When joining a large partitioned dataset with a small dimension table, the dimension table is serialized as Arrow IPC, broadcast to all workers, and registered as a temp table. Each worker then joins its data partition against the local copy of the dimension table.
This is the star-schema pattern — the most common distributed join.
Usage
# Automatic: coordinator detects small right side
Dux.Remote.Coordinator.execute(
fact_table
|> Dux.join(dim_table, on: :id),
workers: workers
)
# Explicit: force broadcast of the right side
Dux.Remote.Broadcast.execute(
fact_pipeline,
dim_dux,
on: :region_id,
workers: workers
)
Summary
Functions
Execute a broadcast join: broadcast the small (right) table to all workers, then each worker joins its partition of the large (left) table locally.

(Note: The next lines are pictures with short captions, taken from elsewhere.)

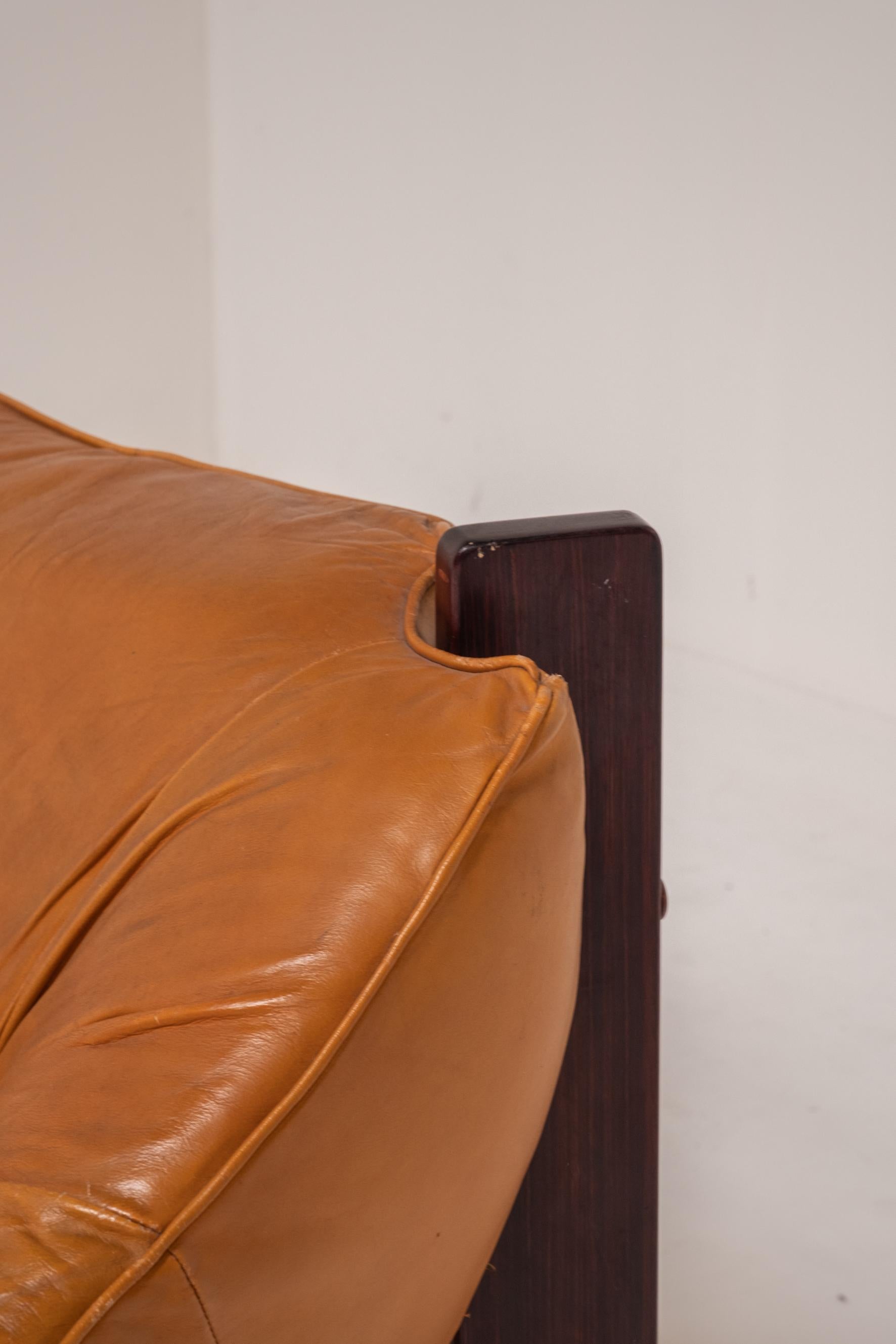 Coppia di sedie da salotto brasiliane vintage di Percival Lafer MP, Brasile, anni '70 in vendita 5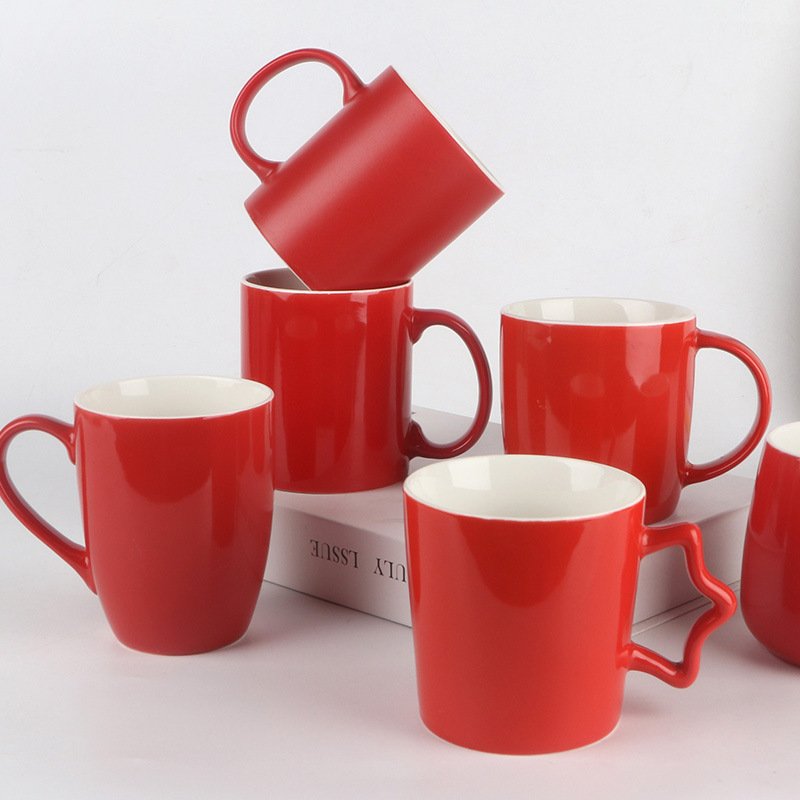 Festive Red Ceramic Mug main image 3
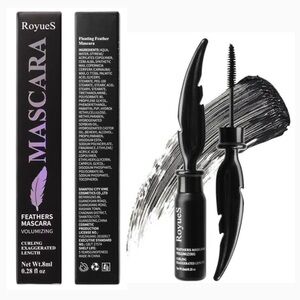 NIB RoyueS - Floating Feather Voluminzing Mascara (Black) .8 ml / 0.28 fl oz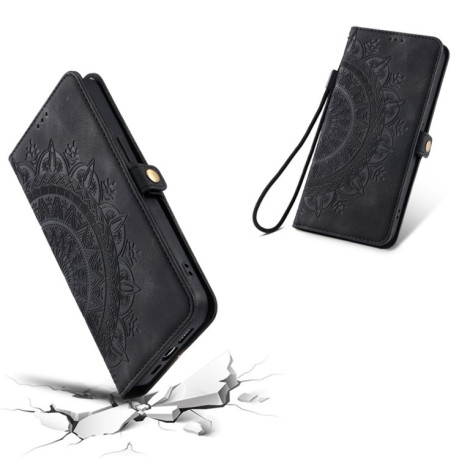 Чохол-книжка Totem Embossed Magnetic Leather для Xiaomi 14T Pro - чорний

Check if a table is small enough to broadcast.
Functions
Execute a broadcast join: broadcast the small (right) table to all workers, then each worker joins its partition of the large (left) table locally.
Options
:workers— list of worker PIDs (default: all from:pg):on— join column(s) (required):how— join type (default::inner):broadcast_name— name for the broadcast table on workers (auto-generated if nil):timeout— per-worker timeout (default::infinity)
Returns a %Dux{} with the merged join result.
Check if a table is small enough to broadcast.
Computes the table and checks its serialized Arrow IPC size against the threshold.